The Dana 35 rear axle in my parents' 1993 Grand Cherokee is getting noisy, so I tore into it expecting to find bad bearings. Sure enough, I did.
I've rebuild axles before, but this is my first c-clip axle. As I pulled the shaft out, I expected the wheel bearing to be pressed-on to the axle shaft, but to my surprise the bearing rides on the shaft itself. The shaft is the inner race for the roller bearing. The axle shaft bearing surface had some pretty nasty spalling on it, which now means both shafts will need to be replaced.
If this was a traditional bearing-retained axle, the bad bearings could simply be pressed off and new bearings pressed on, but because of the c-clip design where the axle shaft is the bearing surface, the whole shafts need to be replaced.
What kind of stupid design is that!? A stupid one is he answer.

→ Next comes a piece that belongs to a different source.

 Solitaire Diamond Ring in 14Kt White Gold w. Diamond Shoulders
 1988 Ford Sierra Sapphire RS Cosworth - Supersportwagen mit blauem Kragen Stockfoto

Not to mention the axial load on the wheel while cornering is routed through the full length of the axle shaft and into the differential side gears and center pin, through the carrier, and through the carrier bearings to the differential case, causing extra stress on all of them and likely shifting the relationship of the gears. A bearing-retained axle isolates the major length of the axle shafts and the entire differential assembly from axial cornering loads.
Stupid design. it made it 250,000 miles, so I can't curse it too bad, but it's stupid from an engineering and repair standpoint. $60 to replace wheel bearings on a bearing-retained axle verses $400 on a c-clip axle.